_What to work on_
Word-for-word repetition of the records below is needed, but only from the line holding "this 350×234 image." through the final line, with pictures excluded.

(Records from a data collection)
Start of Block
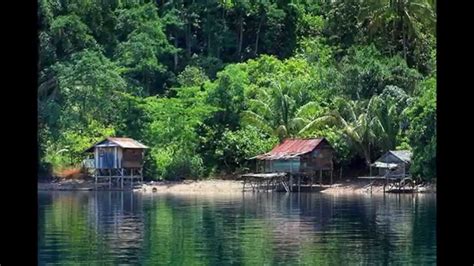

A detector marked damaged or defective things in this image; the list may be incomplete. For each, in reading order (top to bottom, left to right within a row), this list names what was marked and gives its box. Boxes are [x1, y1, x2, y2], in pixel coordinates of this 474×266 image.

rusty red roof [254, 139, 328, 160]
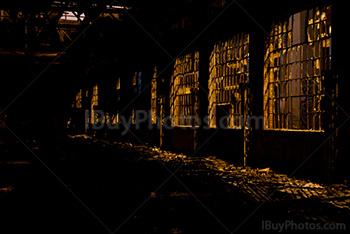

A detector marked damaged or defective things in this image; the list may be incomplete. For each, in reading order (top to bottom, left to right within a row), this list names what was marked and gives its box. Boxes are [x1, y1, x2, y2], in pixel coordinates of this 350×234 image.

broken window [170, 52, 200, 127]
broken window [208, 32, 249, 128]
broken window [262, 5, 330, 131]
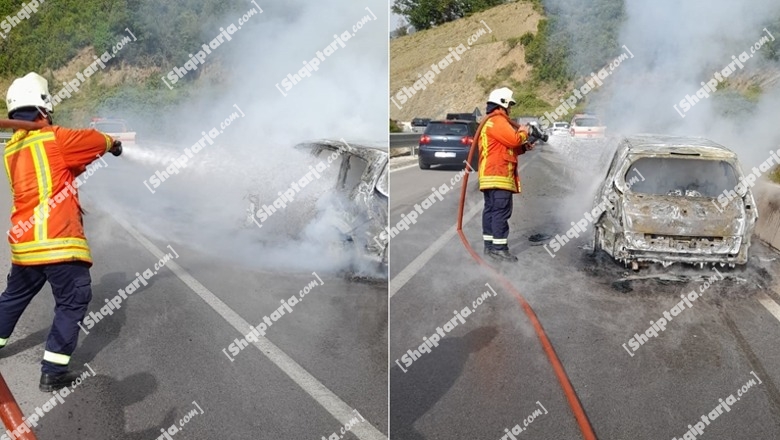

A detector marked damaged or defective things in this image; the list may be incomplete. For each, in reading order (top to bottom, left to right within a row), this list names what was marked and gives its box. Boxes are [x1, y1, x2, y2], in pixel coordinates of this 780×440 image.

burned car [245, 139, 388, 276]
charred car body [245, 141, 388, 276]
charred car body [596, 135, 756, 268]
burned car [596, 134, 756, 270]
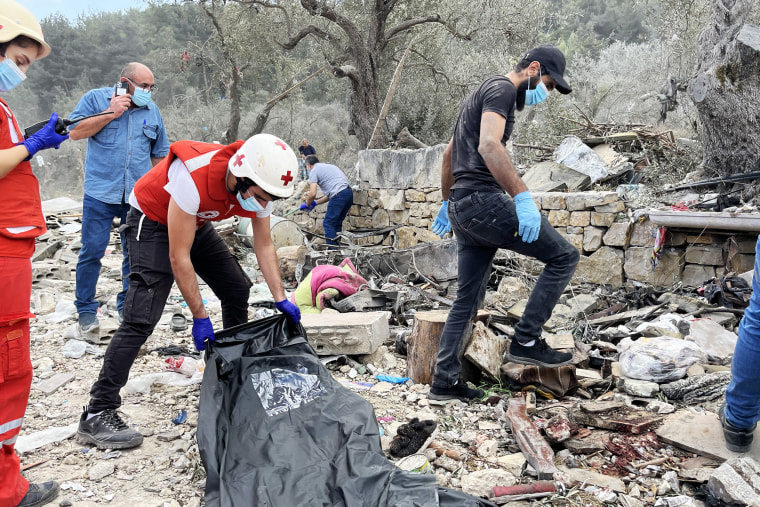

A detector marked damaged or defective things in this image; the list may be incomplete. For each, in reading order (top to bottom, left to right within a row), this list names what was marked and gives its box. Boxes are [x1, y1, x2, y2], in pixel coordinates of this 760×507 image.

broken concrete block [684, 245, 724, 266]
broken concrete block [302, 312, 388, 356]
broken concrete block [464, 322, 504, 380]
broken concrete block [32, 374, 75, 396]
broken concrete block [616, 380, 660, 398]
broken concrete block [708, 456, 760, 507]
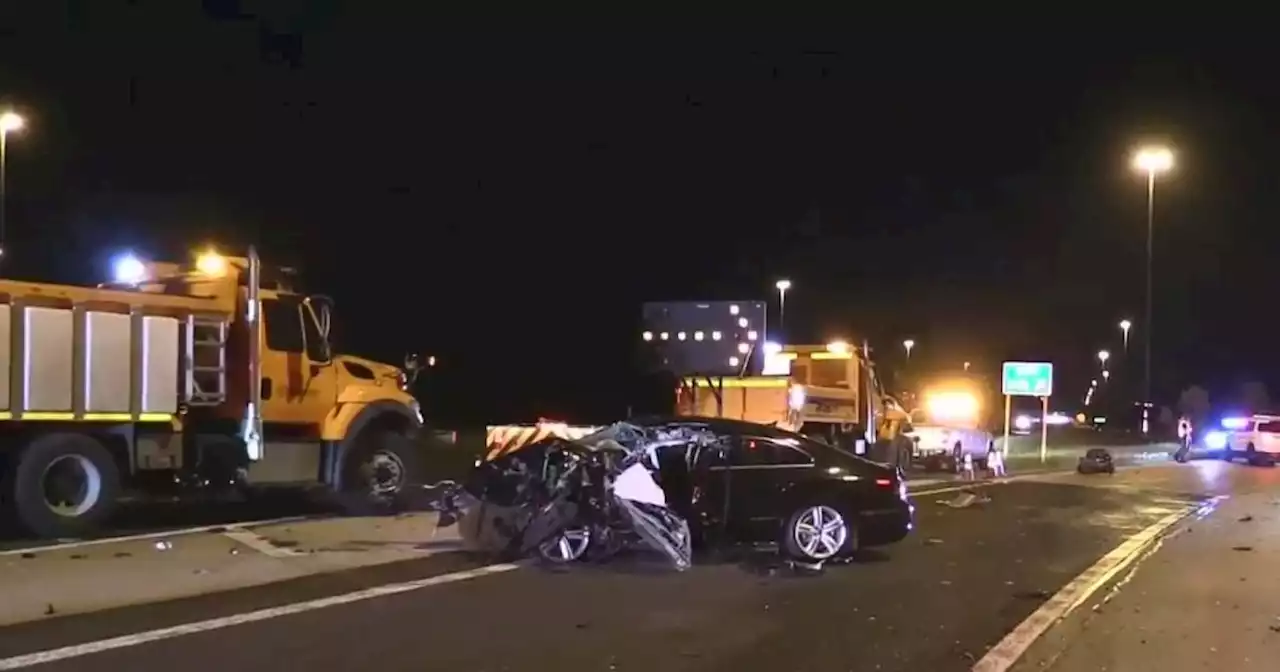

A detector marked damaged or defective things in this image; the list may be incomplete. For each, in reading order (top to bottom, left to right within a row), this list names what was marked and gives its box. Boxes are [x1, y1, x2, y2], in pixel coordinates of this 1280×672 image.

severely damaged black car [430, 418, 912, 568]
End of Block
_Exercise response_
A detector marked damaged or defective things in this image; the list may be incomplete. For each, in reading order (top to bottom, left to right within a row), this list names what was marked and gives its box. Boxes are [x1, y1, x2, y2], in pixel coordinates of this 350×234 image.

broken window [170, 52, 200, 127]
broken window [208, 32, 249, 128]
broken window [262, 5, 330, 131]

A detector marked damaged or defective things in this image; the list may be incomplete. For each, in reading order (top to bottom, left to right within a row), this list names what was marked and gives its box. Boxes are [x1, y1, x2, y2], in pixel coordinates of this 780×440 image.

burned car [245, 139, 388, 276]
charred car body [245, 141, 388, 276]
charred car body [596, 135, 756, 268]
burned car [596, 134, 756, 270]

A detector marked damaged or defective things in this image; the list may be incomplete. For each, in reading order (top to bottom, left to right within a row), this list names what was marked and gives its box. Boxes are [x1, y1, x2, y2], in pixel coordinates of this 760×507 image.

broken concrete block [684, 245, 724, 266]
broken concrete block [302, 312, 388, 356]
broken concrete block [464, 322, 504, 380]
broken concrete block [32, 374, 75, 396]
broken concrete block [616, 380, 660, 398]
broken concrete block [708, 456, 760, 507]

A detector marked damaged or defective things in this image; the list may be incomplete. For each, in reading order (top to bottom, left to right within a row), this list names what was marked and gives its box. Boxes are [x1, y1, x2, y2], in pixel coordinates of this 1280×672 image.

severely damaged black car [430, 418, 912, 568]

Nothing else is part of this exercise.